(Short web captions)
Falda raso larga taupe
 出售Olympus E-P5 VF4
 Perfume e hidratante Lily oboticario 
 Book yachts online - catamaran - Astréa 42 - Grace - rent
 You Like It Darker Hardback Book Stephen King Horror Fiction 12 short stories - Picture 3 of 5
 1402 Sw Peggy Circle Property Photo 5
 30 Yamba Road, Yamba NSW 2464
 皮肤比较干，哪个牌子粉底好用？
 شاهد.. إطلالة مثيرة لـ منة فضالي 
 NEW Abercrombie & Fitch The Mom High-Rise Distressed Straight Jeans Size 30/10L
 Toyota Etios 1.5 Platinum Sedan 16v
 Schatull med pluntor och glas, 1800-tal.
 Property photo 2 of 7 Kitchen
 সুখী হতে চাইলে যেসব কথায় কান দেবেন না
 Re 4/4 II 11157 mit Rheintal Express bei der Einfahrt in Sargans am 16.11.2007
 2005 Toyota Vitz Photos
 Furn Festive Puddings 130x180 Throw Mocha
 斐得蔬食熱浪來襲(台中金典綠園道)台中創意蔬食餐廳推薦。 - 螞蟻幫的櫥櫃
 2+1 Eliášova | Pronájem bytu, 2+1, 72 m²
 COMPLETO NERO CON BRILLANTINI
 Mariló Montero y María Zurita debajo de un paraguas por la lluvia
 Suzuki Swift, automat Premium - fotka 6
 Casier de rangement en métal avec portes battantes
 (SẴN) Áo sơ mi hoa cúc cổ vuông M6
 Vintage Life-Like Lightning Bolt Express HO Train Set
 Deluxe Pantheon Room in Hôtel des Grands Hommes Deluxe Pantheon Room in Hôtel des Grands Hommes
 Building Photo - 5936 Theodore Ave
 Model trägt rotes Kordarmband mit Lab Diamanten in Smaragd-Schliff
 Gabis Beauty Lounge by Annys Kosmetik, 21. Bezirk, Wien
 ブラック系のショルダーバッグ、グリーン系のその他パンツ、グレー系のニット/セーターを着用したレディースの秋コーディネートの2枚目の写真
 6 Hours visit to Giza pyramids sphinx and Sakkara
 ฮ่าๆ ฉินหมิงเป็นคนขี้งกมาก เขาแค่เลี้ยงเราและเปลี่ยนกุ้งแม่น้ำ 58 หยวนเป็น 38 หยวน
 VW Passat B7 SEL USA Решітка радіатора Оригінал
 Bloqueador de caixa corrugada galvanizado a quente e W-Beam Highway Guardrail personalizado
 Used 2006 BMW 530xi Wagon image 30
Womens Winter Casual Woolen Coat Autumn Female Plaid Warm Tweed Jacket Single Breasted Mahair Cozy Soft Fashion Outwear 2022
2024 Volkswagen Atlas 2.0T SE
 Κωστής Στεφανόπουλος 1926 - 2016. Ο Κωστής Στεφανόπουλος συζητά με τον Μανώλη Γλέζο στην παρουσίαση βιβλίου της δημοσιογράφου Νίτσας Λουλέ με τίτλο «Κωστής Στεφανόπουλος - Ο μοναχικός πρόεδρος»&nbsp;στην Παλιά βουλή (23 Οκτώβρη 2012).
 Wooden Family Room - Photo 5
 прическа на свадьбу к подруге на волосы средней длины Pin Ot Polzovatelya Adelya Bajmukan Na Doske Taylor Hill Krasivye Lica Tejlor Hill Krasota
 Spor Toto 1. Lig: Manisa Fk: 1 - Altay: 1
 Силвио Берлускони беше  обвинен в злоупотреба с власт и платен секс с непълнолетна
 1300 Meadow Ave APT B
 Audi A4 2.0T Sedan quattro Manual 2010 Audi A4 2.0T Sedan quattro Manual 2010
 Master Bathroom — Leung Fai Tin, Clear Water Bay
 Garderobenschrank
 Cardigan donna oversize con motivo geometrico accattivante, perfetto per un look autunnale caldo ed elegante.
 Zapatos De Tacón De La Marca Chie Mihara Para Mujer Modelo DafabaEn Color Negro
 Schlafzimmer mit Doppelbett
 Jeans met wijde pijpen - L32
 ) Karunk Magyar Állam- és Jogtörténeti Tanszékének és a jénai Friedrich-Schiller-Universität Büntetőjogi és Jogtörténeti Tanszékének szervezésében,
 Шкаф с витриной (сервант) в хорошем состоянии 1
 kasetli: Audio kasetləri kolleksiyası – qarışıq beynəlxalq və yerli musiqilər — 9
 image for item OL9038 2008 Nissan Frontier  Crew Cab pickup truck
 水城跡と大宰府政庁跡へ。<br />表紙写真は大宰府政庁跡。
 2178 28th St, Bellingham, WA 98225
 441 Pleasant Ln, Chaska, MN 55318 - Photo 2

◆ ACTIVITY
Transcribe, exactly and without additions, the lines of the records above, beginning with the line that contains "Furn Festive Puddings 130x180 Throw Mocha" and ending with the line that contains "Vintage Life-Like Lightning", both included.

◆ FINISHED EXERCISE
 Furn Festive Puddings 130x180 Throw Mocha
 斐得蔬食熱浪來襲(台中金典綠園道)台中創意蔬食餐廳推薦。 - 螞蟻幫的櫥櫃
 2+1 Eliášova | Pronájem bytu, 2+1, 72 m²
 COMPLETO NERO CON BRILLANTINI
 Mariló Montero y María Zurita debajo de un paraguas por la lluvia
 Suzuki Swift, automat Premium - fotka 6
 Casier de rangement en métal avec portes battantes
 (SẴN) Áo sơ mi hoa cúc cổ vuông M6
 Vintage Life-Like Lightning Bolt Express HO Train Set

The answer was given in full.